### [What this task involves]
Give the data below again exactly as it stands. Omit the pictures.

### [Recorded information]
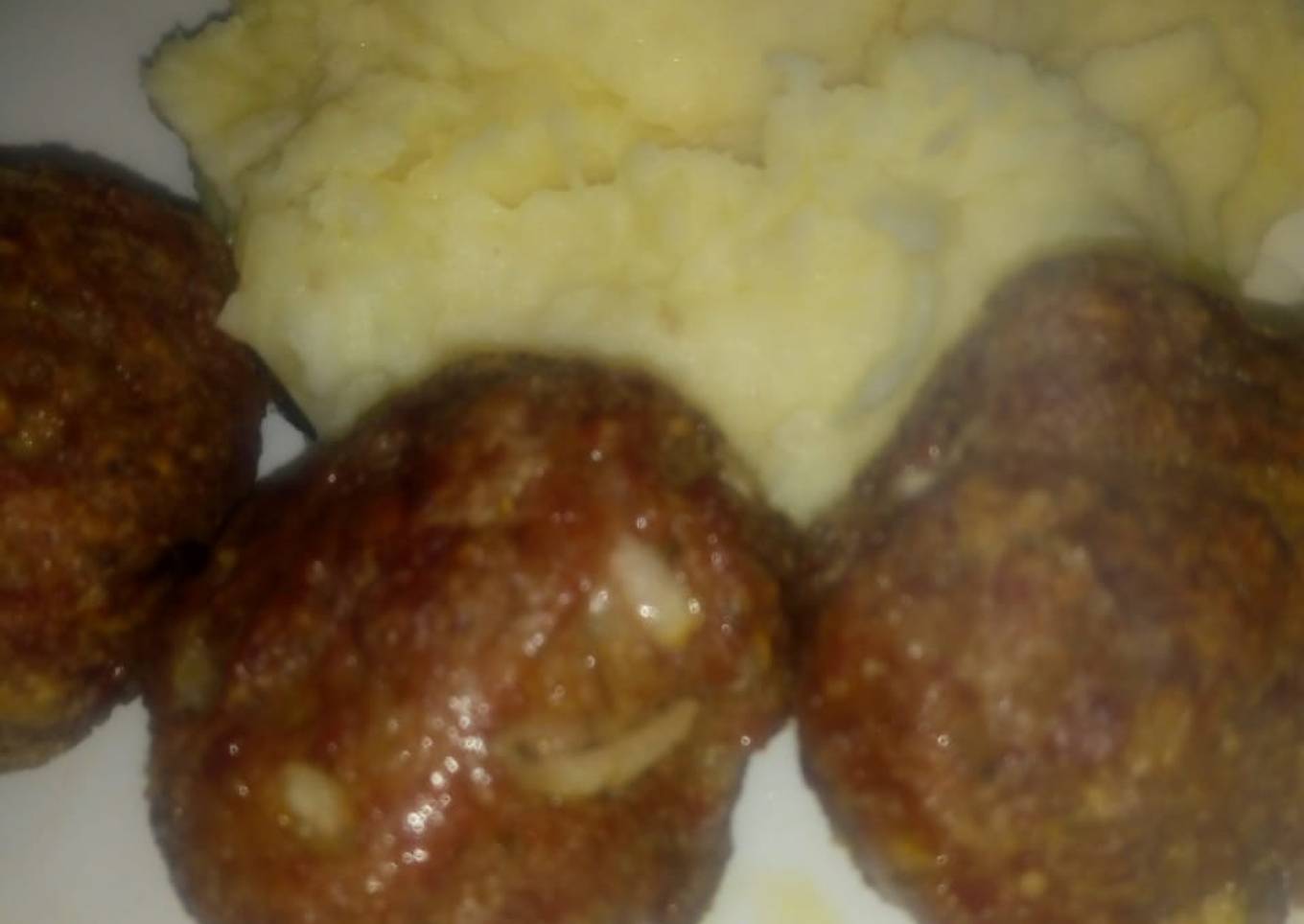 Alb贸ndigas al horno con pur茅 de 馃馃構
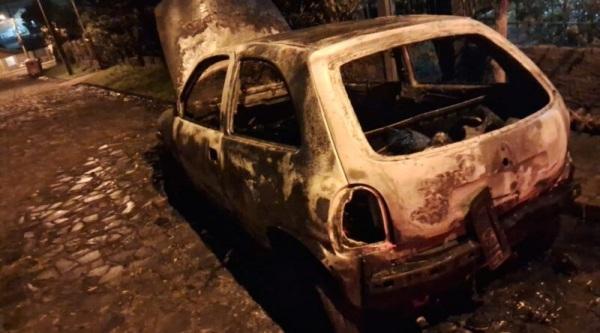 Veículo é destruido pelo fogo em Panambi 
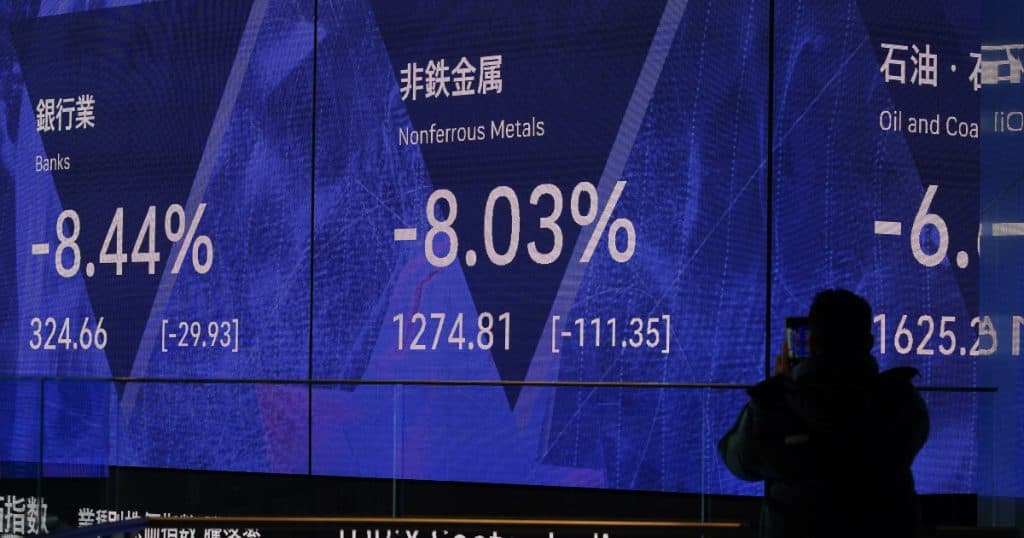 „Războiul nuclear economic” al lui Donald Trump: Bursele asiatice au suferit o prăbușire, iar Wall Street se pregătește pentru o nouă zi de luni neagră.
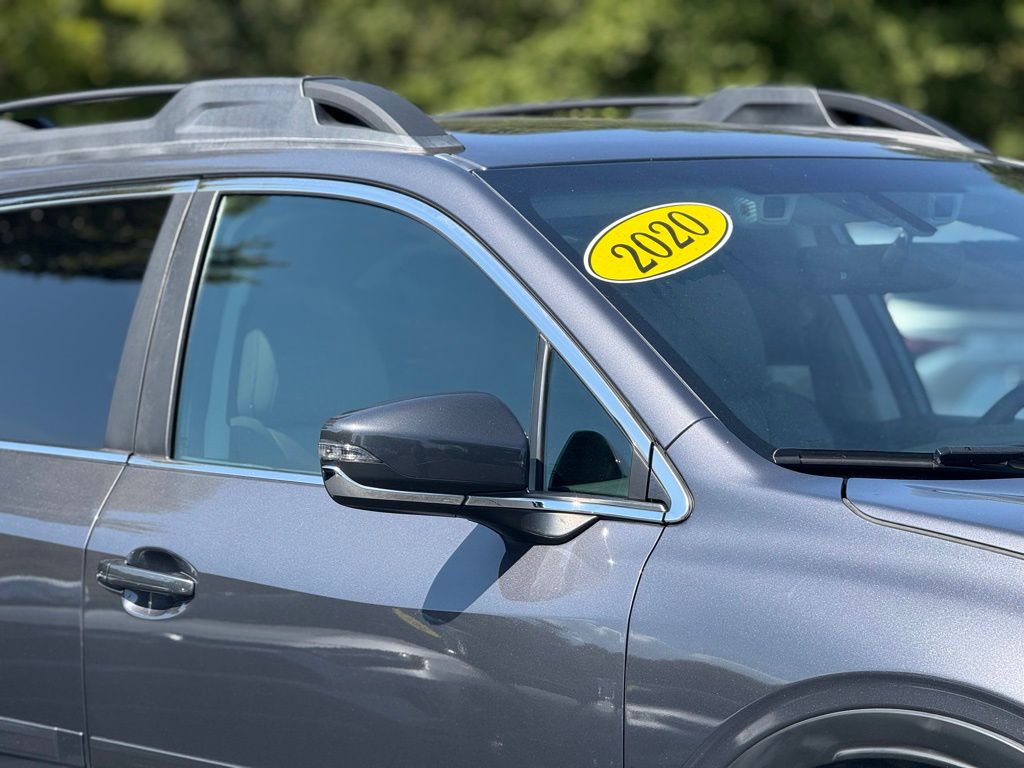 2020 Subaru Outback Limited photo 3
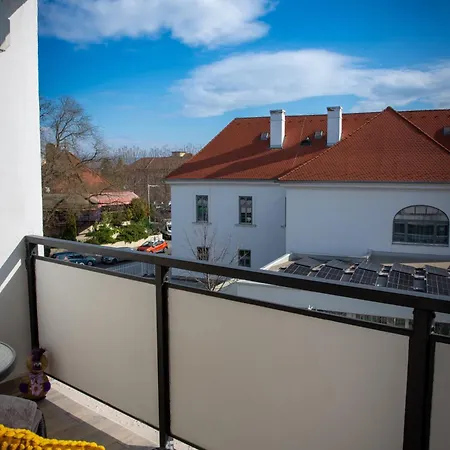 Apartment Castle View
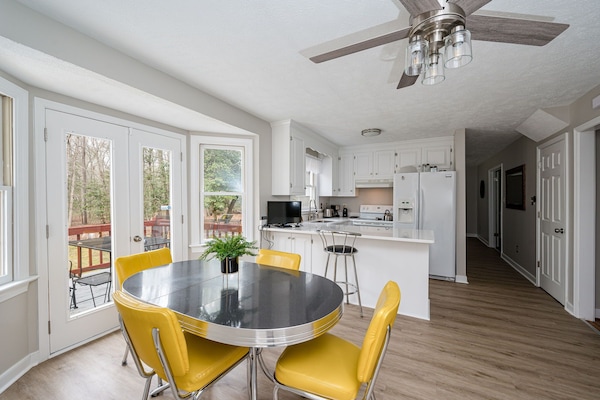 ثلاجة، ميكروويف، فرن، موقد طهي مسطح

### [Task response]
 Alb贸ndigas al horno con pur茅 de 馃馃構
 Veículo é destruido pelo fogo em Panambi 
 „Războiul nuclear economic” al lui Donald Trump: Bursele asiatice au suferit o prăbușire, iar Wall Street se pregătește pentru o nouă zi de luni neagră.
 2020 Subaru Outback Limited photo 3
 Apartment Castle View
 ثلاجة، ميكروويف، فرن، موقد طهي مسطح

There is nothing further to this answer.